Fase pertama (little), menceritakan masa kecil Little (Alex R. Hibbert) dalam pertemuannya dengan seorang pria asing bernama Juan (Mahershala Ali) dan istrinya Teresa (Janelle Monáe). Fase ini mengungkapkan pencarian tentang arti kasih sayang, kebimbangan jati diri hingga proses untuk menemukan kebahagiaan masa kecil ditengah bully dan ibunya yang crack addicted bernama Paula (Naomi Harris), disaat rumah orang lain (Juan-Teresa) justru menjadi sandaran kehangatan dan cinta yang tidak ia dapatkan dirumahnya sendiri. Fase kedua (chiron), fase remaja Chiron (Ashton Sanders) yang terdeskripsikan kurus namun lebih galak dengan tatapan dingin dan sunyi seolah memprotes ketidak berubahnya hidup kala perlakuan sama tetap menghampiri hidupnya, bully hingga orientasi seksual semakin bergetar membentuk emosi nyata yang lebih kuat dan berkembang. Dan terakhir fase ketiga (black), seolah hasil dari apa yang ia dapat dimasa muda dan kehidupannya di penjara, perubahan fisik macho dengan anting dan gigi palsu emas mulai merubah sepenuhnya image Black (Trevante Rhodes) sebagai seorang drug dealer di daerah Georgia, Atlanta.
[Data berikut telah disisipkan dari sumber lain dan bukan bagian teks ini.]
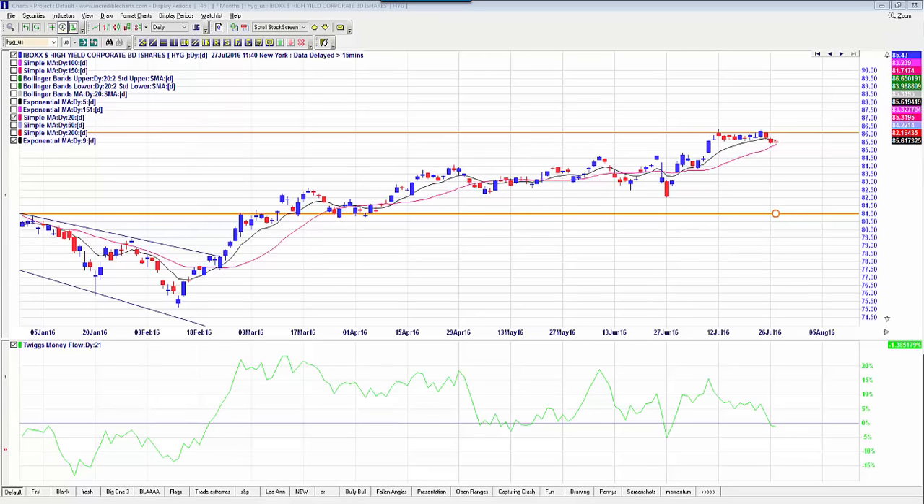Good afternoon everyone, or good morning depending on which time zone you're in. This is John Seville from Acorn Wealth, and this is a quick intraday executive summary for some stock setups that are developing today.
Meski film Moonlight adalah film murah yang hanya menggelontorkan budget $1,500,000, tapi apa yang diciptakan Jenkins dalam film Moonlight terasa seperti sebuah harmonisasi warna yang terasa kaya dan artistik. Meski dibandingkan pencapaian pesaingnya La La Land dengan budget $30,000,000 yang juga kaya warna dan sinematis, tapi buat saya ini tidak sebanding dengan hasil yang dicapai Moonlight. Moonlight adalah karya sinematis yang langka untuk budget seminim itu, pengaturan posisi lighting dan remangnya lampu neon dipancarkan ke setiap sudut dan arah pandang menghasilkan perpaduan warna yang sangat brilliant, kisah yang depresif dan melankolis ini pun seolah luput karena dibungkus oleh nuansa sinematis colorful yang mencolok pada film ini.


Pencapaian lainnya pun saat Jenkins sukses memberikan sebuah gradasi karakter melalui perubahan drastis yang mencolok. Tiga fase itu tersusun rapi tanpa membuat ketiganya terasa aneh dan ganjil, dan apa yang melingkupi soal distorsi kehidupan melalui pesan moral dan emosi tersampaikan seluruhnya melalui sudut pandang karakter yang kompleks. Orientasi seks, rasial, dan efek lingkungan yang memicu perubahan psikis berhasil tercampur dalam karakteristik satu orang manusia.

Untuk akting mungkin banyak yang mempermasalahkan Mahershala Ali yang berhasil memenangkan Oscar hanya untuk aktingnya yang sebentar. Tapi, jangan salah bahwa Anthony Hopkins di film "Silence of the Lambs" pun berhasil meraih simpati para juri Oscar. Mungkin kesan mendalam yang diberikan Mahershala Ali sebagai pria baik dan hangat terpancar begitu kuat saat ia mau mengasuh anak tak dikenalnya dengan rendah hati. Entah karena isu "oscar so white" tapi buat saya penghargaan bukan berarti dari penilaian kuantitas namun kualitas tak peduli seberapa banyak atau sedikit seorang aktor/artis berperan dalam film tersebut. By the way, Moonlight adalah film melankolis dan emosional yang terbentuk dengan pancaran keindahan visual sederhana tapi menghipnotis mata, sekaligus kisah penuh makna tentang degradasi moral kelas bawah, pertarungan dengan kerasnya hidup hingga rasa kesepian luar biasa yang menghinggapi seorang manusia yang lahir sepenuhnya berbeda.